Informasi diperoleh dari salah satu pedagang bahwa mereka telah berjualan selama bertahun-tahun sebagai mata pencaharian utama dengan berdagang VCD maupun DVD bajakan. Adapun proses peredaran VCD bajakan di daerah Yogyakarta dijabarkan pada bagan sebagai berikut:
Penegakan Hukum Pelanggaran Hak Cipta di Kawasan Yogyakarta
Penegak hukum merupakan suatu alat negara yang berfungsi untuk menegakkan peraturan yang dibuat oleh suatu kekuasaaan, seperti Polisi, Jaksa, Hakim, Pengacara (Advokat), dan lain sebagainnya. Penegakan hukum yang dilakukan Polda DIY terhadap pelanggran Hak Cipta di wilayah Yogyakarta terdiri dari dua cara yaitu sebagai berikut:
A. Tindakan Represif
Upaya penindakan yang dilakukan oleh Aparatur Kepolisian Daerah Istimewa Yogyakarta dalam menanggulangi pelanggaran Hak Cipta adalah sebagai berikut:
A) Penyelidikan dan Penyidikan
B) Penangkapan
C) Penggeledahan
D) Penyitaan
B. Tindakan Preventif
Upaya pencegahan merupakan kegiatan yang ditujukan untuk mencegah secara langsung terjadinya kegiatan-kegiatan yang dapat menimbulkan tindak pelanggaran terhadap Hak Cipta. Adapun kegiatan yang dilakukan Kepolisian Daerah Istimewa Yogyakarta dalam menaggulangi pelanggran Hak Cipta di wilayah Yogyakarta adalah:
A. Sosialisasi Kepada Masyarakat
B. Rapat Koordinasi
Hambatan dan Kendala POLDA DIY dalam Upaya Penegakan Hukum Pelanggaran Hak Cipta di Kawasan Yogyakarta
Dalam menangani permasalahan penegakan hukum terhadap pelanggaran Hak Cipta yang terjadi di wilayah Yogyakarta, aparat penegak hukum khususnya jajaran Polda DIY mengalami hambatan yang Menyebabkan kurang efektifnya penegakan hukum itu sendiri.

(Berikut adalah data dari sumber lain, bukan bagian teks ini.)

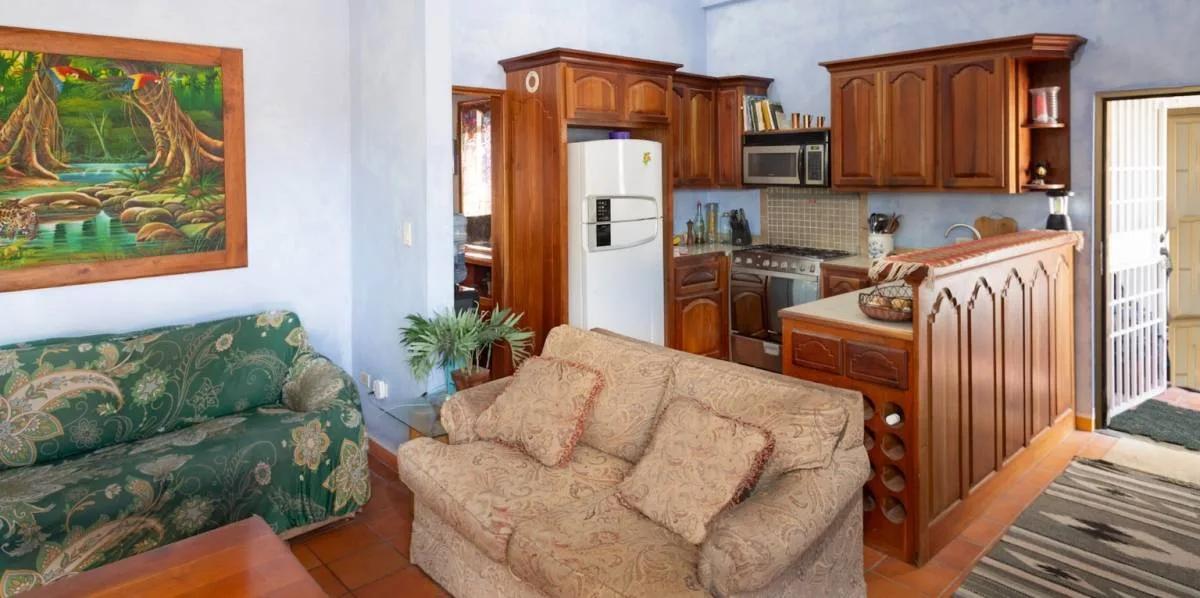 1-Bedroom Condo in Caye Caulker Village With Private Rooftop & Breathtaking Sea Views - Photo 3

Adapun beberapa hambatan atau kendala yang dihadapi jajaran Polda DIY dalam upaya penegakan hukum terhadap pelanggaran Hak Cipta tersebut adalah sebagai berikut.
A. Permasalahan Ekonomi
Permasalahan Ekonomi dimaksud bahwa pada umumnya praktik pelanggaran Hak Cipta yang terjadi di wilayah Yogyakarta merupakan kegiatan menjual atau mengedarkan barang hasil Pelanggaran Hak Cipta baik berupa menjual VCD/DVD maupun buku-buku yang bukan asli (bajakan), dimana hal tersebut mayoritas dilakukan oleh pedagang kecil atau kaki lima Dengan dilatar belakangi faktor ekonomi
B. Permasalahan Barang-barang hasil pelanggaran
Maksud barang-barang hasil pelanggaran ialah barang barang yang merupakan hasil dari adanya pelanggran hukum Hak Cipta merupakan barang-barang yang didistribusikan berasal dari Luar daerah Yogyakarta
C. Minimnya kesadaran masyarakat
Maksud mininya kesadaran masyarakat ialah presepsi masyarakat terhadap barang-barang bajakan lebih murah  dibandingkan dengan barang yang asli sehingga mereka lebih memilih barang bajakan karena lebih murah dan mudah diperoleh walaupun dengan kualitas yang jauh berbeda dengan yang asli.
D. Kurangnya kerjasama dari pihak percetakan/penerbit
Maksud kurangnya kerjasama dari percetakan ialah khusunya pelanggaran Hak Cipta pada buku-buku, bahwa kesulitan yang dialami Polda DIY dikarenakan masih tertutupnya pihak percetakan dalam upaya kerjasama pencegahan pelanggaran Hak Cipta.